╭─ RECORD EXTRACTS
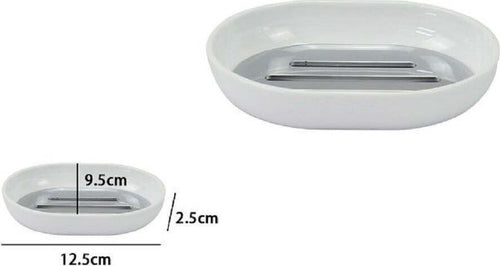 Piattino Porta Sapone Saponetta Bianco Silver Accessori Bagno 12.5 X 9.5cm 79865 Casa, arredamento e bricolage > Accessori Bagno > Set da Bagno Trade Shop italia - Napoli, Commerciovirtuoso.it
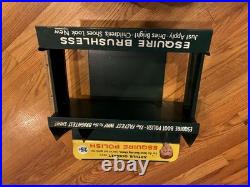 VINTAGE Esquire Brushless Shoe Polish Arthur Godfrey Store Counter Metal Display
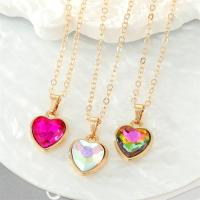 Zinc Alloy Jewelry Necklace with Cubic Zirconia with 5cm extender chain Heart gold color plated for woman & faceted nickel lead & cadmium free Length Approx 50 cm Sold By PC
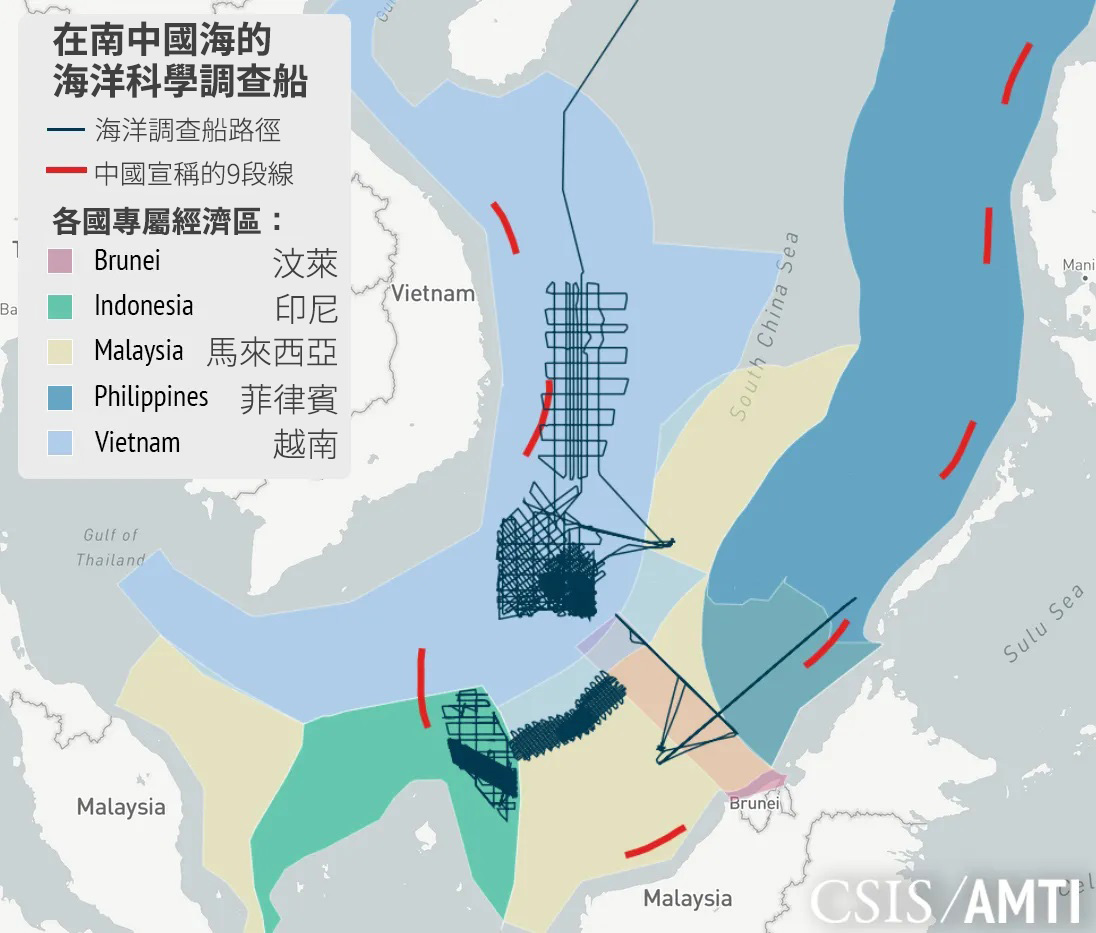 軍民融合的海洋調查：AMTI對中國科研船在南中國海足跡分析
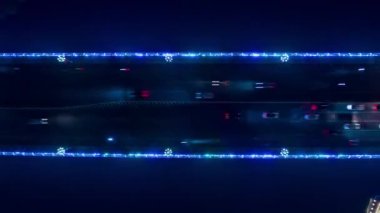 Gece aydınlatma Bay trafik yol kavşağı hava Timelapse 4k Hong Kong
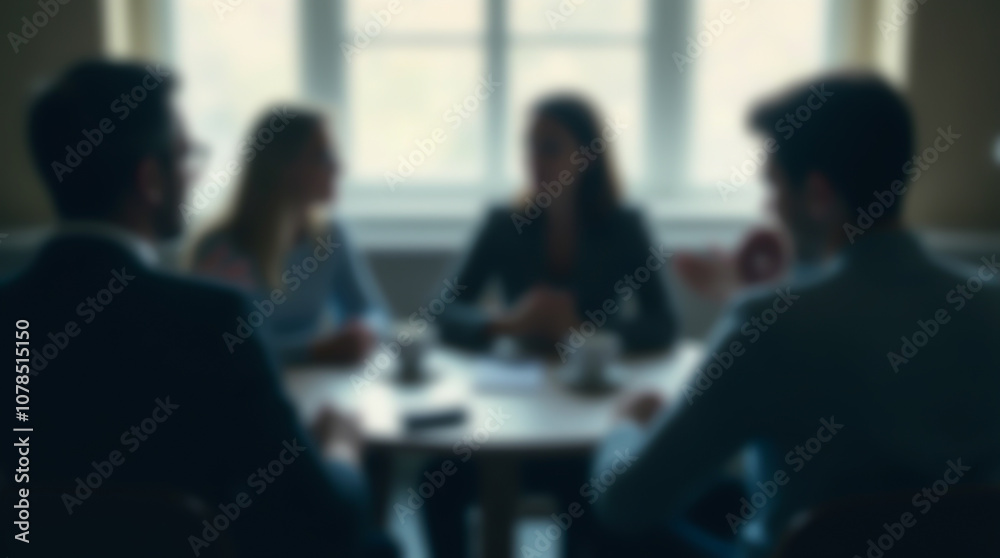 Group therapy session, silhouettes of people on a blurred background, discussion and assistance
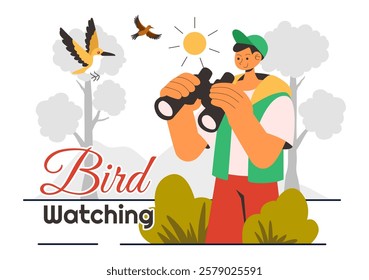 Bird Watching Vector Illustration featuring People Observing Bird in Nature with a Zoologist or Naturalist in a Park or Forest Setting in a Background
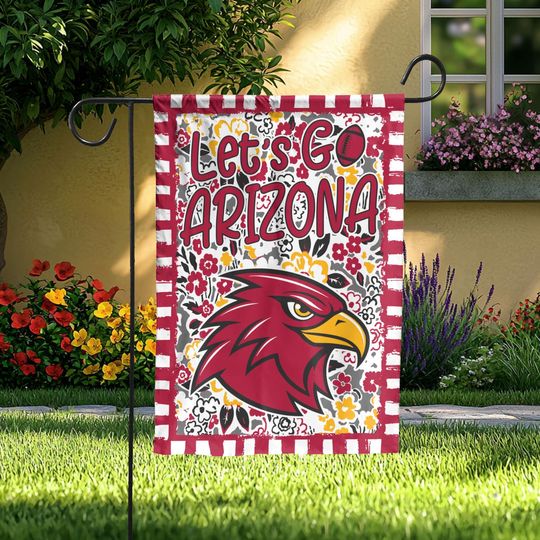 Let's Go Arizonna Garden Flag, Abstract Flower Mascot, Arizonna Football Fan Decor Garden, Game Day Flag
╰─
■ WHAT IS EXPECTED ■
The records above should be returned exactly, with only their pictures held back.

■ OUTPUT OF THE EXERCISE ■
 Piattino Porta Sapone Saponetta Bianco Silver Accessori Bagno 12.5 X 9.5cm 79865 Casa, arredamento e bricolage > Accessori Bagno > Set da Bagno Trade Shop italia - Napoli, Commerciovirtuoso.it
 VINTAGE Esquire Brushless Shoe Polish Arthur Godfrey Store Counter Metal Display
 Zinc Alloy Jewelry Necklace with Cubic Zirconia with 5cm extender chain Heart gold color plated for woman & faceted nickel lead & cadmium free Length Approx 50 cm Sold By PC
 軍民融合的海洋調查：AMTI對中國科研船在南中國海足跡分析
 Gece aydınlatma Bay trafik yol kavşağı hava Timelapse 4k Hong Kong
 Group therapy session, silhouettes of people on a blurred background, discussion and assistance
 Bird Watching Vector Illustration featuring People Observing Bird in Nature with a Zoologist or Naturalist in a Park or Forest Setting in a Background
 Let's Go Arizonna Garden Flag, Abstract Flower Mascot, Arizonna Football Fan Decor Garden, Game Day Flag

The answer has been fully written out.